DEV Community: Vic

Tutorial: Web Scraping LinkedIn Jobs with Playwright.

Vic — Sun, 30 Jul 2023 15:48:50 +0000

Tutorial: Web Scraping LinkedIn Jobs with Playwright.

In this tutorial, we will explore a Python script that uses Playwright and Scrapy to scrape job listings from LinkedIn. The script will log in to LinkedIn, apply various search parameters, and scrape job details.
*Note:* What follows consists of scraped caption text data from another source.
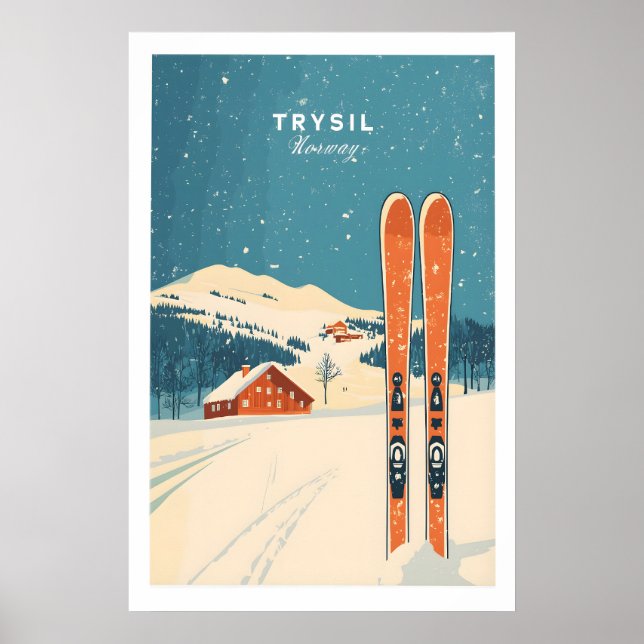 Trysil skidvägg konsttryck Norge 1 Poster (Framsidan)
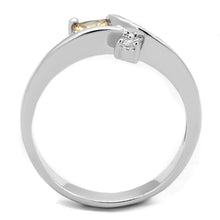 Load image into Gallery viewer, 3W852 - Rhodium Brass Ring with AAA Grade CZ  in Champagne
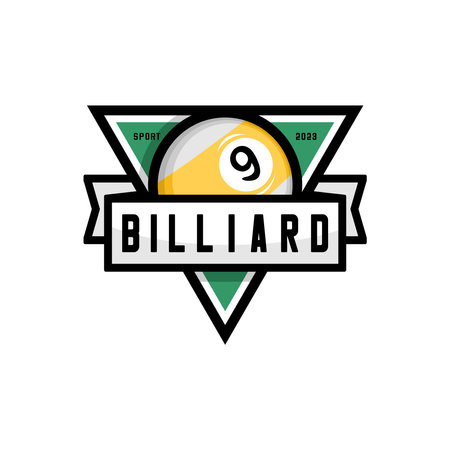 vector illustration of billiard ball logo on white backgroundのイラスト素材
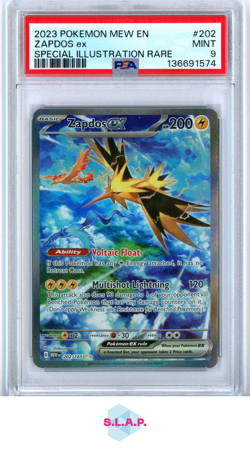 ZAPDOS EX SPECI4L ILLUSTRATION RARE POKEMON MEW EN-151 2023 202 PSA 9 - Image 1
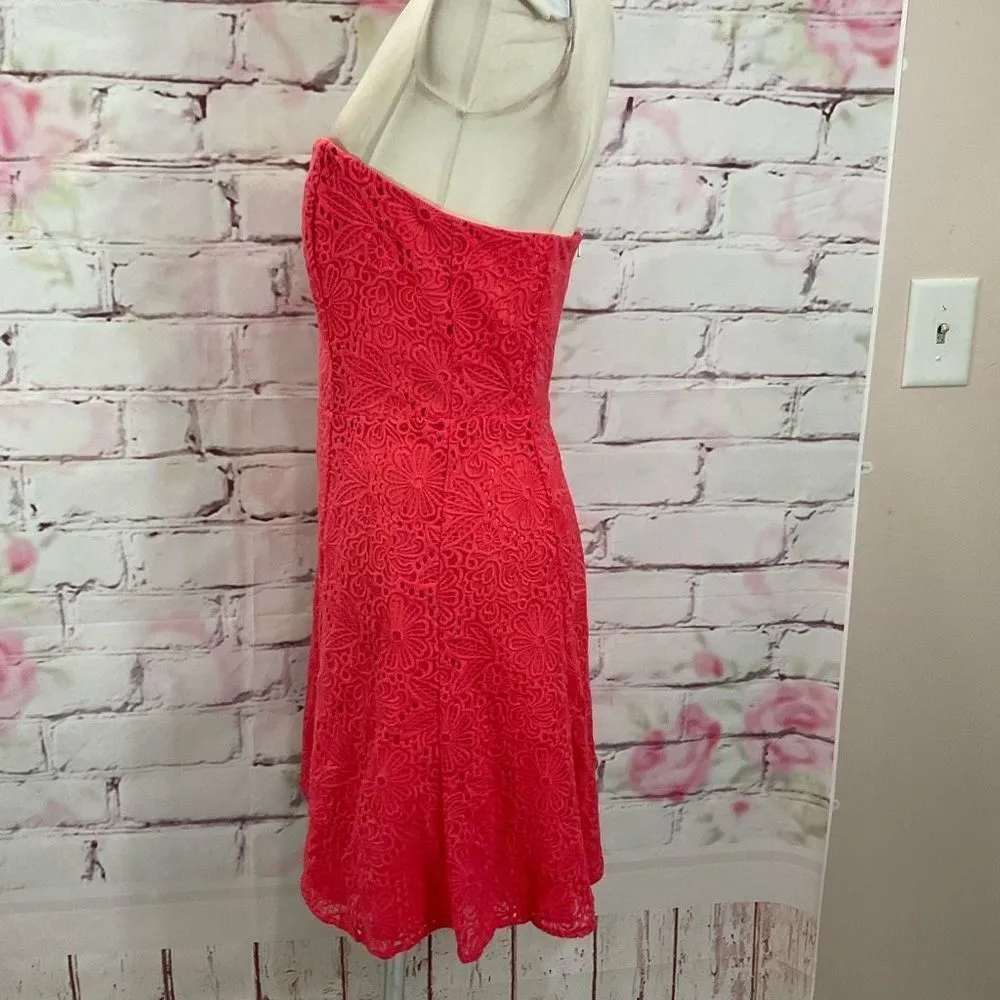 Lilly Pulitzer Women's Strapless Vicki Island Lace Dress In Coral Size 8 - Image 9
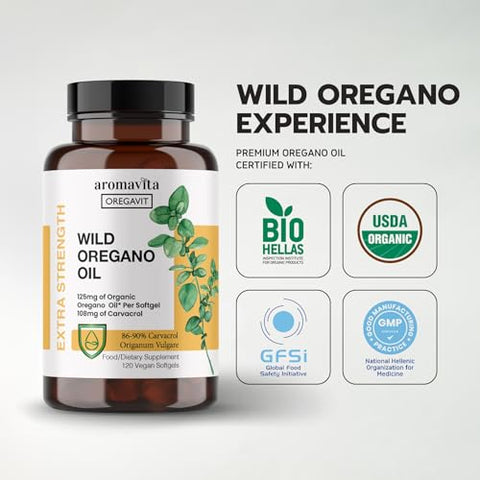AROMAVITA - Oregavit Cápsulas de Óleo de Orégano Selvagem Grego | 86-90%% Carvacrol – 125mg Óleo de Orégano por Softgel – Imunidade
We'll then save the scraped data to a CSV file.

Overview

The Python script is designed to perform the following tasks:

Log in to LinkedIn using provided credentials.
Load search parameters from a YAML configuration file.
Scrape job listings based on the search parameters.
Save the scraped job data to a CSV file.

Requirements

Before proceeding with the tutorial, make sure you have the following installed:

Python 3.x
playwright-sync library (playwright and playwright-sync should be installed)
scrapy library
pandas library
rich library
click library
YAML file with LinkedIn login credentials and search parameters (config.yaml)

How to Use the Script

Prepare the YAML Configuration File:
- Create a YAML file (e.g., config.yaml) with the following structure:

email: YOUR_LINKEDIN_EMAIL
password: YOUR_LINKEDIN_PASSWORD
params:
  - KEYWORD_SEARCH_1:
      keywords: "KEYWORD_1 KEYWORD_2"
      location: "CITY_NAME"
  - KEYWORD_SEARCH_2:
      keywords: "KEYWORD_3"
      location: "CITY_NAME"

Replace YOUR_LINKEDIN_EMAIL and YOUR_LINKEDIN_PASSWORD with your LinkedIn credentials. Add additional params entries to define different job searches. Each params entry should have a unique key (e.g., KEYWORD_SEARCH_1, KEYWORD_SEARCH_2) and include the keywords and location for the search.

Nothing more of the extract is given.